Ngobrol Privatisasi


Kalimat ini mulai akrab di telinga saya semenjak saya mengikuti pembahasan pengelolaan sumberdaya air berikut Draft Undang-Undang Pengelolaan Sumberdaya Air (yang sekarang telah disahkan) beberapa tahun silam. Ada pertanyaan menggelitik di benak saya, bagaimana sebenarnya hukum privatisasi ini menurut kaca mata syari’at Islam ? Di bawah ini adalah sedikit dari apa yang pernah saya tulis beberapa bulan lalu. Semoga ada manfaatnya.
Apa Sebenarnya Makna Privatisasi Itu ?
Dari penjelasan pak Coen Pontoh (lihat : http://coenpontoh.wordpress.com/2005/09/13/privatisasi/), nampak bahwa makna privatisasi beserta bentuk-bentuk penerapannya adalah sangat luas dan kompleks. Satu hal yang dapat saya tarik benang merah – mohon diluruskan jika keliru – bahwasannya privatisasi itu adalah satu usaha pengalihan kewenangan negara/fungsi negara (sebagian atau seluruhnya) kepada swasta, baik dalam instrument kebijakan, pelayanan, pemilikan atau pengelolaan asset (sumberdaya).
Terkait dengan hal itu, dalam beberapa hadits, saya melihat beberapa hal menarik terkait privatisasi ini.

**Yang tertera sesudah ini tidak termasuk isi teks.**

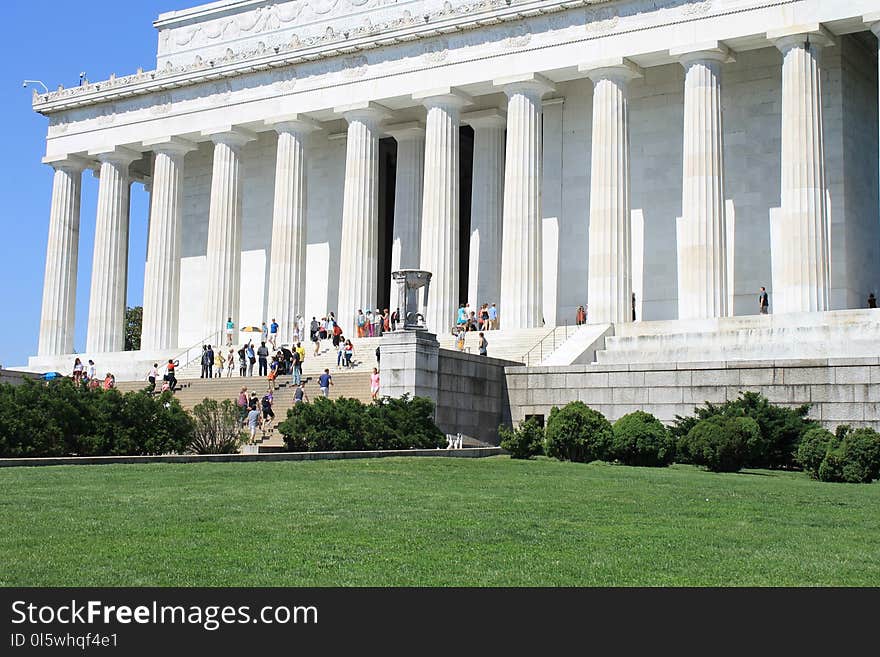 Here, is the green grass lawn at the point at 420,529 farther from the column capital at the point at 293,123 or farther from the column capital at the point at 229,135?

Hadits-hadits tersebut antara lain :
1. Penyerahan pengelolaan kebun kurma milik negara kepada Yahudi Khaibar dengan sistem bagi hasil.
أَنَّ رَسُوْلَ اللهِ صَلَّى اللهُ عَلَيْهِ وَسَلَّمَ لَمَا ظَهَرَ عَلَى خَيْبَرَ أَرَادَ إِخْرَاجَ اْليَهُوْدِ مِنْهَا وَكَانَتِ اْلأَرْضُ حِيْنَ ظَهَرَ عَلَيْهَا للهِ وَلِرَسُولِهِ صَلَّى اللهُ عَلَيْهِ وَسَلَّمَ وَلِلْمسْلِمِيْنَ وَأَرَادَ إِخْرَاجَ اْليَهُوْدِ مِنْهَا فَسَأَلَتِ اْليَهُوْدُ رَسُوْلَ الله صَلَّى اللهُ عَلَيْهِ وَسَلَّمَ لِيُقِرَّهُمْ بِهَا أَنْ يَكْفُوا عَمَلَهَا وَلَهُمْ نِصْفُ الثَّمَرِ فَقَالَ لَهُمْ رَسُولُ الله صَلَّى اللهُ عَلَيْهِ وَسَلَّمَ نُقِرُّكُمْ بهَا عَلَى ذَلِكَ مَا شِئْنَا فَقَرُّوْا بِهَا حَتَّى أَجْلاهُمْ عُمَرُ إِلَى تَيْمَاءَ وَأرِيْحَاءَ
Ketika Rasulullah shallallaahu ‘alaihi wasallam menaklukkan Khaibar, beliau menginginkan orang-orang Yahudi keluar. Hal itu disebabkan wilayah orang kafir yang ditaklukkan, maka ia menjadi milik Allah, Rasul-Nya, dan kaum muslimin. Akan tetapi orang-orang Yahudi itu memohon kepada Rasulullah shallallaahu ‘alaihi wasallam untuk tetap tinggal di Khaibar, sementara mereka ingin mengelola tanah pertanian di situ dengan memperoleh separuh dari hasil panennya. Rasulullah shallallaahu ‘alaihi wasallam bersabda kepada mereka : “Kami mengijinkan kalian tetap tinggal di sini selama kami mau”. Maka orang-orang Yahudi tersebut tetap tinggal disitu sampai akhirnya mereka dipindahkan ke Taimaa’ dan Arihaa’ oleh ‘Umar radliyallaahu ‘anhu” [HR. Al-Bukhari no. 2983, 2213].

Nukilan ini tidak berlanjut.